What the exercise asks:
For the entries below, the result should be an exact transcription of the lines from the one with "You Can Go To Hell I'm" up to and including the one with "MC小洲經典語錄2021，回顧MC小洲最經典的語錄", and only those.

------ Data excerpts ------

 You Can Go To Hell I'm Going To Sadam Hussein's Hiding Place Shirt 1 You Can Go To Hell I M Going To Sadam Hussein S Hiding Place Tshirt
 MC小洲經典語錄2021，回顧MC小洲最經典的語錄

------
------ Data excerpts ------

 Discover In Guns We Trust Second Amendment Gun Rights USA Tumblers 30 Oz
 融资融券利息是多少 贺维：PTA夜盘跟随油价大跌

------
------ Data excerpts ------

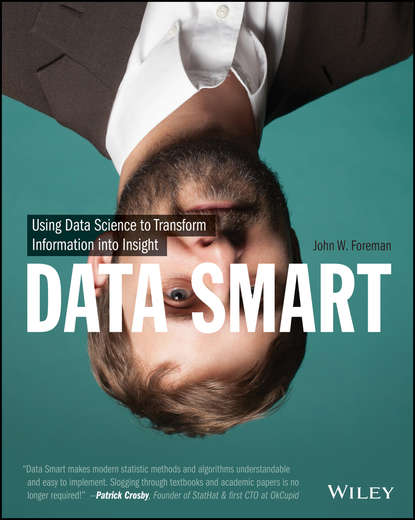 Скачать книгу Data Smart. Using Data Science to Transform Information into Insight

------

Output for this task:
 You Can Go To Hell I'm Going To Sadam Hussein's Hiding Place Shirt 1 You Can Go To Hell I M Going To Sadam Hussein S Hiding Place Tshirt
 MC小洲經典語錄2021，回顧MC小洲最經典的語錄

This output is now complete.